Since a few years ago, FPGA are widely used for acceleration. In this blog, we have talked about how we can connect an FPGA to the PCI socket of our computer, and interchange data between the processor and the FPGA. SOCs, give us the chance to have in a single chip a processor (CPU) and an FPGA, so we can say that a SOC like Zynq MPSOC is a computer with an FPGA attached, and, in the same way, as happens with computers, we can use the FPGA to accelerate application which runs on the CPU, but in this case, we don’t need external interfaces to communicate the CPU and the FPGA. Using a SOC we have inside several AXI interfaces to communicate both domains very efficiently.

Using a single chip from a single manufacturer has some advantages, and the most important is that the application running on the CPU and the acceleration kernel which is implemented on the FPGA are developed using a single Vitis flow. And we will see how we are going to describe an application on Vitis, and then this application is translated into an RTL code which is configured on the FPGA in the deployment stage.

The steps we need to follow in this Vitis acceleration flow are quite similar to a regular Zynq MPSOC design but has some important differences. The first one is that the hardware design we need to have when we build Petalinux is not completed, and it will be completed by Vitis when the acceleration application is developed. Is this related with some kind of partial reconfiguration? Absolutely no, since the design is not written on the FPGA uncomplete. We are going to give to Vitis a Design with some open interfaces which it will use to connect the kernel, sounds interesting?
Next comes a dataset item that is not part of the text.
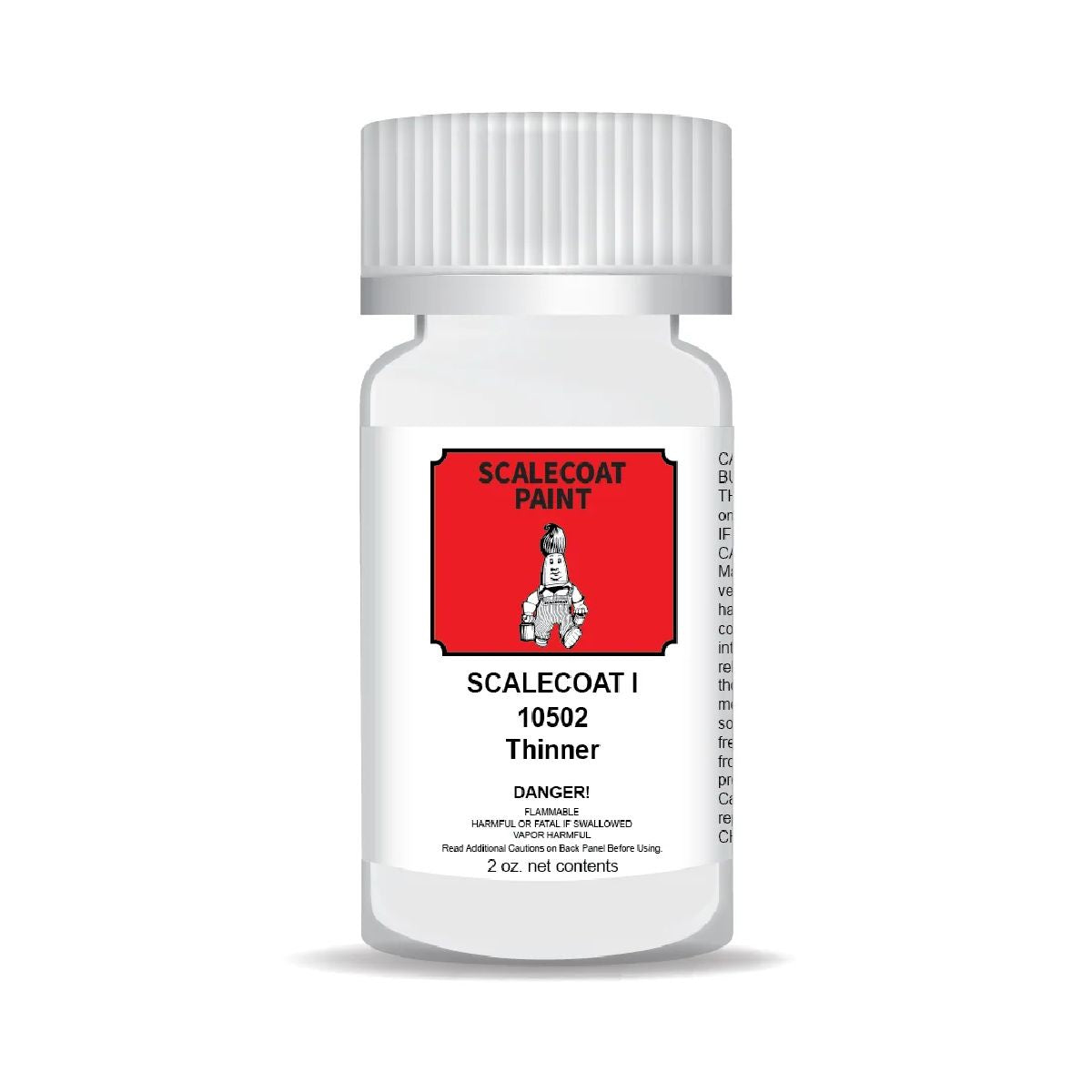 Scalecoat I Thinner 2oz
For this post, I going to use the KR260 Robotics Starter Kit, which is based on a Kria K26 SOM.

First of all, we need to update the Kria SOM boot image.

Updating the boot image of the KR260

Kria SOMs are configured to read the QSPI memory in the first place, which is written with a factory pre-programed firmware. Secondly, the QSPI boot firmware boots from the eMMC/SD card. To update this firmware have to execute an application. This application is available on Petalinux, but also on the Ubuntu for Kria SOMs, which is the option I will take. So we can go to the Ubuntu download page. To install Ubuntu on an SD card, we can follow the instruction from Ubuntu.com.

While we are downloading Ubuntu, we can also download the new BIN file for the QSPI memory from the Xilinx Wiki.

When the SD card is ready, insert the SD card into the SD card slot on the KR260 kit, and connect an Ethernet cable in the top-right Ethernet connector, and finally connect the power supply.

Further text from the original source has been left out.